Whilst the BBC pumped out more costume dramas, ITV continued to have one of their worst years ever with another couple of woeful offerings. The first of these was Flockstars, a programme that I reckon first started life as a name before the concept was even born. The show sounds like something that even Alan Partridge would deem too ridiculous to imagine as eight celebrities become amateur shepherds as they attempt to guide a sheep dog round a specially built course. As you would expect the famous faces are of a high calibre with this first episode seeing Strictly Come Dancing pro Brendan Cole squaring off against amateur estate agent Amanda Lamb. One thing I was disappointed by was the lack of lamb puns especially when Amanda was trying to get her dog to rustle up a quartet of Hebridean sheep. Another question that crossed my mind was what host Gaby Logan had done to her agent to land such rubbish jobs as Flockstars, I Love My Country and Splash! Although I didn't expect Flockstars to be any good I thought at least it may be one of those shows that so bad it's rather enjoyable. However the majority of what I saw on screen was just dull with the main sheep-herding action being particularly tiresome. At the end of the day watching a C-lister guiding a dog round a track and putting some sheep in a pen isn't an enthralling experience even if Logan would have you believe otherwise. The sole highlight for me was during Lamb's trial where the Hebridean sheep decided to try and make a run for it by vaulting over the assault course's weak enclosure.

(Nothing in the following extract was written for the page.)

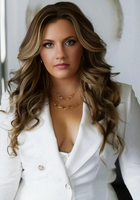 Toronto Cost Analysis tutor named Carissa Toronto Cost Analysis tutor named Carissa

In fact I feel these sheep were trying to send a subliminal message to the audience that they should also run away from the show as fast as possible. I honestly don't see who Flockstars appeals to or why it's even on my TV it feels as if someone somewhere lost a bet that this show wouldn't have a chance of getting commissioned. Additionally I can't see anybody tuning in next week apart from if their particularly interested in catching highlights from the blood feud pitting Lesley Joseph against Fazer from N Dubz.


Although slightly better than Flockstars, ITV's other new show of the week BBQ Champ still didn't have a lot going for it. By the trailers alone I could ascertain that this was the latest in a long line of programmes trying to emulate the Great British Bake-Off. In fact BBQ Champ does feel like someone at ITV suggested doing the Bake-Off but with meat instead of baked goods. However it seems that nobody brought up the fact that barbecuing isn't a particularly versatile endeavour and the dishes that it produces are fairly similar. Possibly BBQ Champ's biggest pull is the presence of Man Vs Food's Adam Richman who most of the contestants seem eager to please. Although Richman is a star of the barbecue world it did seem that he struggled to differentiate between constructive comments and plain old insults. I also got fairly irritated with Richman when he started randomly swearing during the show something that I personally found a little jarring. Adam's fellow judge is Mark Blatchford, a restaurateur who at least knows his stuff when it comes to burning things over wood and coal. Although Mark seemed to know what he was talking about he didn't bring much personality to the show and he and Richman struggled to find an easy chemistry with one another. Another issue I had with BBQ Champ was the lack of big personalities amongst the contestants, many of whom didn't even seem that good at grilling food. The only stand out performer for me was larger-than-life soup kitchen worker Solomon whose big smile and infectious personality means that he'll almost certainly make it through to the final. However BBQ Champ's biggest mystery was the presence of Myleene Klass as the show's presenter especially when, in her own words, she doesn't cook at all. BBQ Champ isn't as bad as ITV's previous attempt to recreate the Bake-Off with the woeful Food Glorious Food but it's just terribly ordinary. I can't imagine anyone who watched the first episode would be gripped to see who'll make it through to the final as most of the contestants didn't even seem that bothered if they won it or not.